Study shows our priorities are "out of whack."

Don’t ask yourself if you’re better off than you were four years ago. Instead, ask: How is your life? Is it where you want it to be?

Don’t ask yourself if you’re better off than you were four years ago. Instead, ask: How is your life? Is it where you want it to be?

That’s the basic question driving the folks at the Center for the New American Dream, a group of population specialists, economists, environmentalists and spiritual leaders trying to help Americans consume more responsibly. Its recent poll yielded results that made me think: Jeez, I’m not alone. Look at this:

93% of respondents say Americans are too focused on making money and not enough on family and community.

• 87% feel the current consumer culture makes it harder to instill positive values in children.

• 85% think our society’s priorities are out of whack.

• 53% say having more time with family and friends and less stress would make them more satisfied.

• 48% have opted to make less money to get more time and a balanced lifestyle.

This boils down to understanding the relationship with stuff and time, I think. If we need less stuff, we might be able to work less to get it. Hmm.

Stuff I’m better with. When I sold my house I sold most of its contents too. I’m down to books, futons, a few antiques, a hand me down desk. I kept the Saab, but I’m torn. I only drive it to the office and to visit family; parking in Cambridge is a sport. Do I want to be the kind of person who pays $500 a month to drive a Euro fashion statement?

Time I’m not so sure about. I like working all the time, but I must be deluded, a ticking time bomb? I’m more concerned for a colleague who just came back from a tropical vacation exasperated, overwhelmed. “I was going to bring my Blackberry to keep up with e-mail, but I felt too guilty.” Guilty for wanting to work. I can relate to that.

“People are in this horrific work-and-spend cycle, like hamsters squirreling around in a cage, and they can’t get out,” says the Center’s Executive Director Diane Wood. “We want to help people see they have more control than they think.”

The organization, which has a staff of about two dozen adheres to a four-day work week – Fridays off – and uses telework, job sharing and flextime. The organization has 30,000 “activist members,” which it hopes to grow to 100,000 by next year. Goals are to fight apathy and build community; help people understand buying responsibly – and green – really helps.

The Web site makes it easy. You can plug in your zip code and find your nearest farmers’ market, where to buy green appliances and light bulbs. Members are asked to take certain steps to improve the environment, easy things like skipping one car ride per week.

As important, the group works with state and local organizations to help them buy recycled paper, green cleaning products and hybrid electric cars. It helped fleet managers for the state of Washington put together a contract with Ford, Toyota and Honda to justify buying hybrid electric cars.

The Toyota Prius costs $27,000 and gets 700 highway miles on a (11.9 gallon) tank of gas. “It might have an upfront cost of a thousand or two more, but in seven years it’s recovered that cost and is likely to last 10 years rather than seven,” Wood says.

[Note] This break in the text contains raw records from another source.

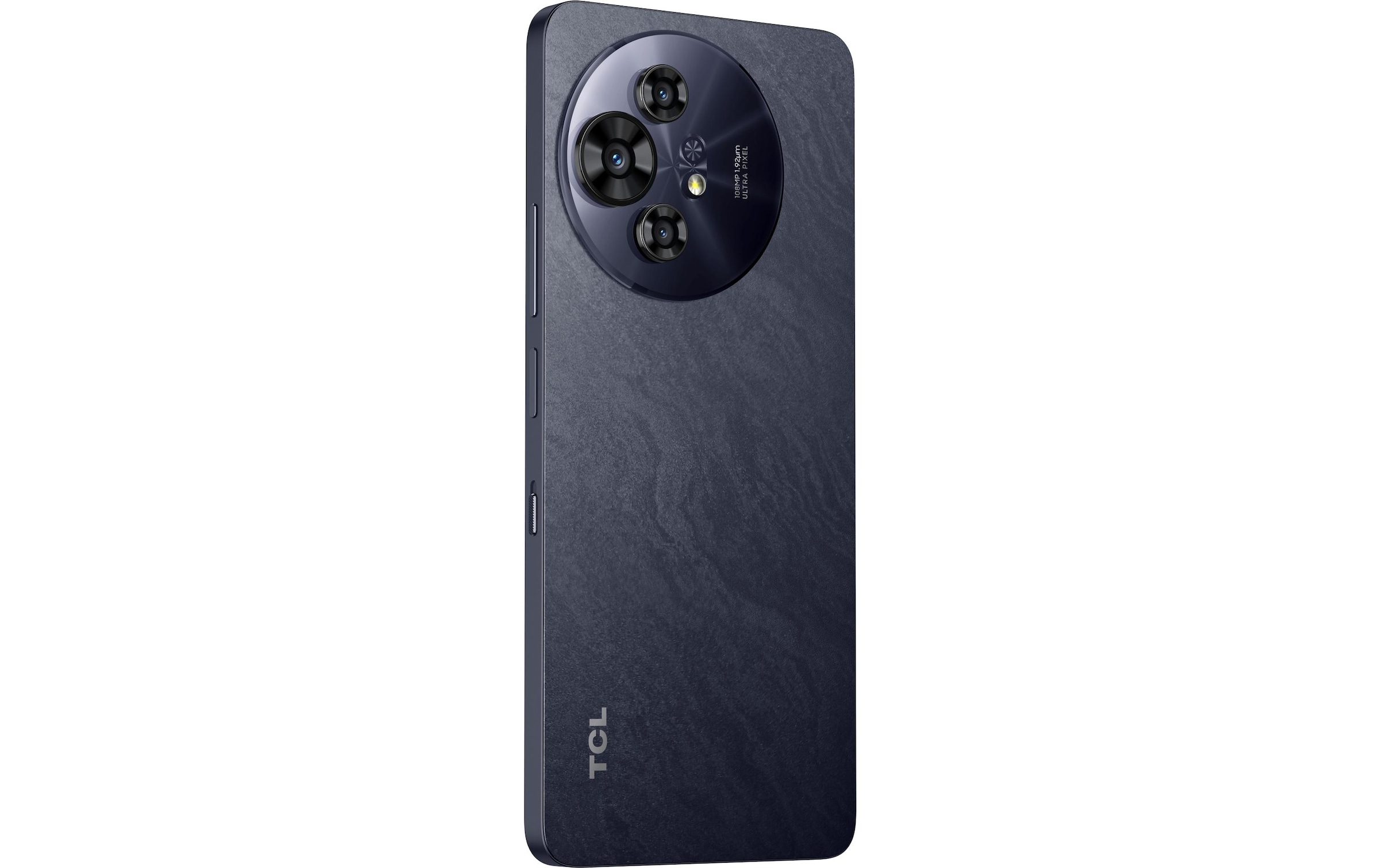 TCL Smartphone »50 NXTPAPER 256 GB Grau«, Grau, Schwarz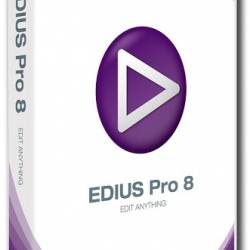 Grass Valley EDIUS Pro 8.1 Build 188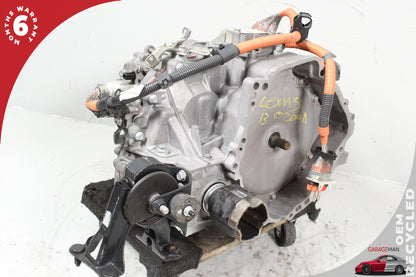2010-2017 Lexus CT200h Toyota Prius V C Automatic Transmission OEM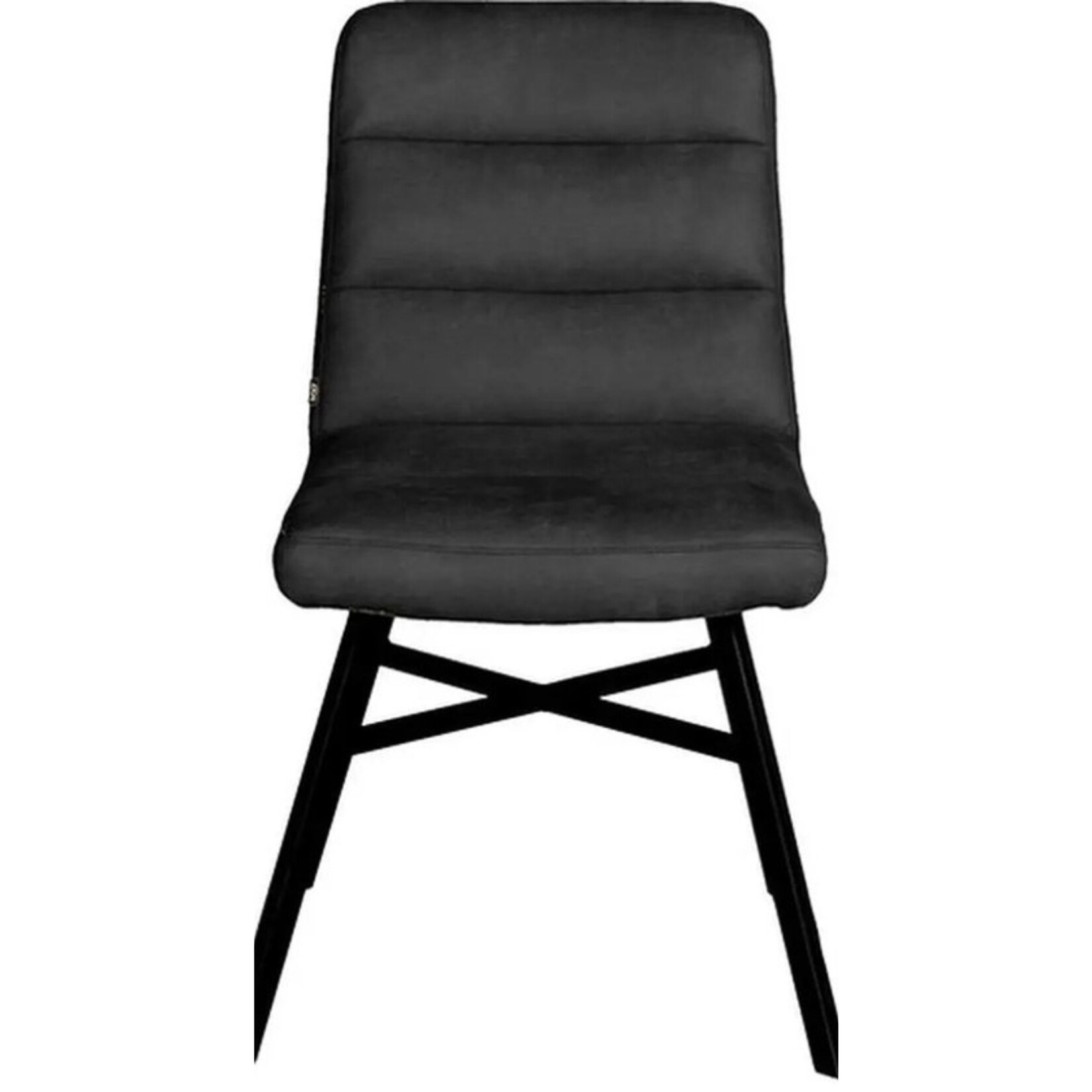 Bowie Eetkamerstoel Bowie Chicago Antraciet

The really good news? You can’t get a Prius. When Wood last spoke with Toyota, it had 200 vehicles left in the U.S. and just upped production in Japan for 2005. “They just didn’t see it coming,” she says.

Around here, the Toyota dealership in Danville, Mass, long ran out of Prius literature and recently sold its test model. The dealer told a friend to rent one from Enterprise if he wanted a test drive. The dealer said he’d just sold a returned Prius with 17,000 miles on it for more than a new one, and that premium models sell on eBay for list plus $8,000. My friend plunked down $500 to put his name on a six-month waiting list.

That’s a good start on stuff. But time? This same friend who e-mails me from the highway: “Going 85. There soon. No cops.”